**WHAT THE TASK ASKS**
Take the lines below from the one with "Welcome back viewers." through the one with "RunTrack is essentially" and print only them, exactly. Don't print the pictures.

[[ SOURCE MATERIAL, beginning ]]

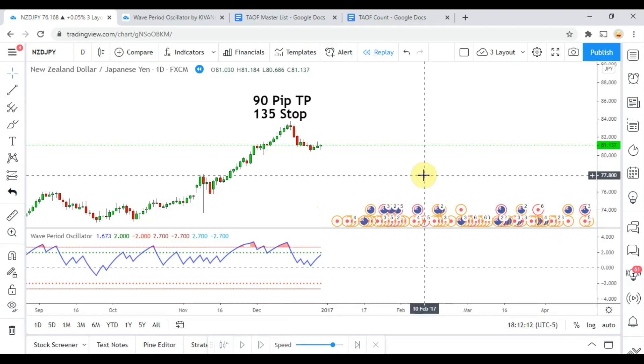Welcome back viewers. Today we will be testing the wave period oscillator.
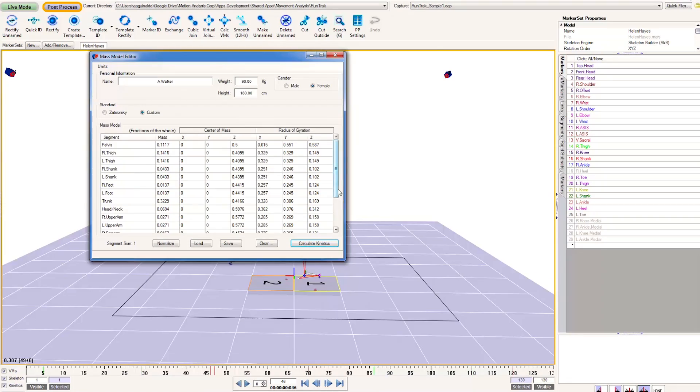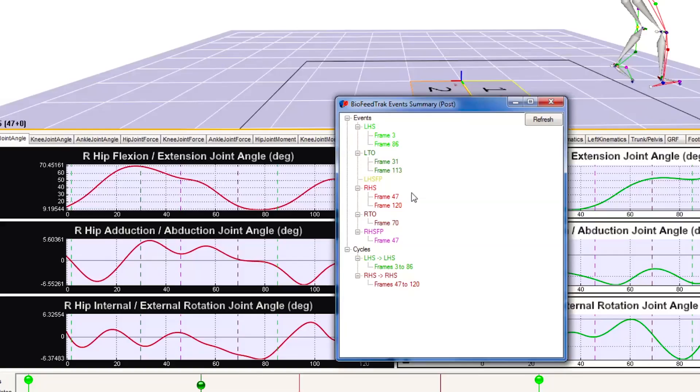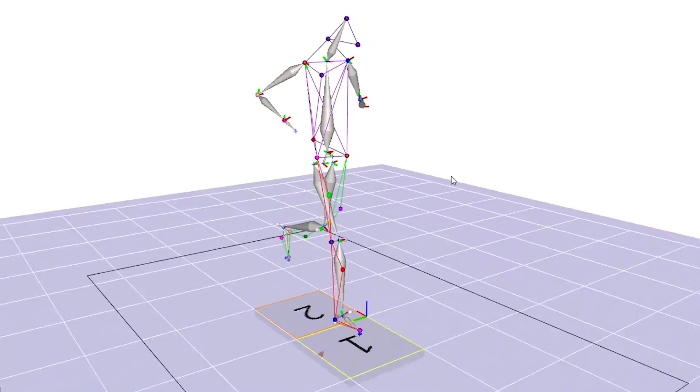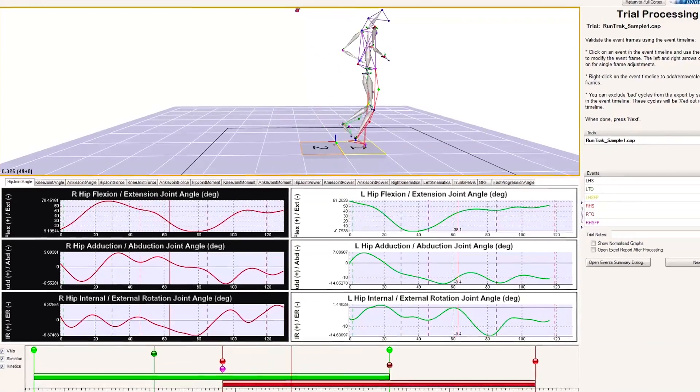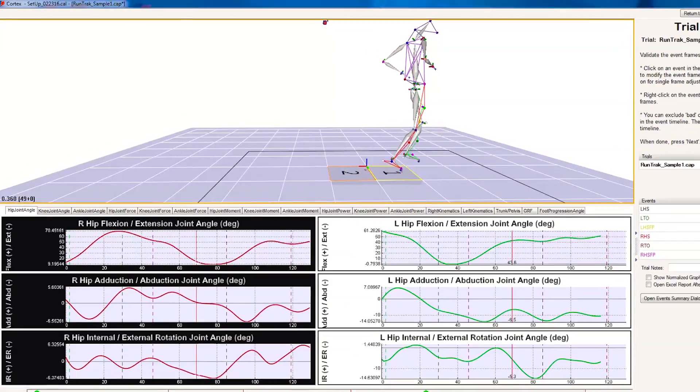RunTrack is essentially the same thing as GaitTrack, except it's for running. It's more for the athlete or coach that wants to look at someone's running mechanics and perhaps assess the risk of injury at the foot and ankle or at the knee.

[[ SOURCE MATERIAL, end ]]
[[ SOURCE MATERIAL, beginning ]]

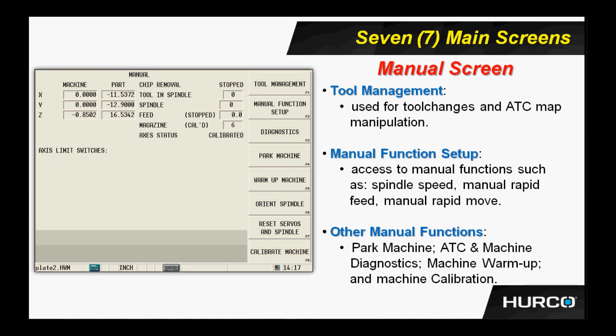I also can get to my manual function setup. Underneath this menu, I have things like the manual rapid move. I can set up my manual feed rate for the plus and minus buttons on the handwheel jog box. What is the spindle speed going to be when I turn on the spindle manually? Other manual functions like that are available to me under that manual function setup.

[[ SOURCE MATERIAL, end ]]
[[ SOURCE MATERIAL, beginning ]]

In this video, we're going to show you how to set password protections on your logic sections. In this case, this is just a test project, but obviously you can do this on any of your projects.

[[ SOURCE MATERIAL, end ]]

**EXERCISE ANSWER**
Welcome back viewers. Today we will be testing the wave period oscillator.
RunTrack is essentially the same thing as GaitTrack, except it's for running. It's more for the athlete or coach that wants to look at someone's running mechanics and perhaps assess the risk of injury at the foot and ankle or at the knee.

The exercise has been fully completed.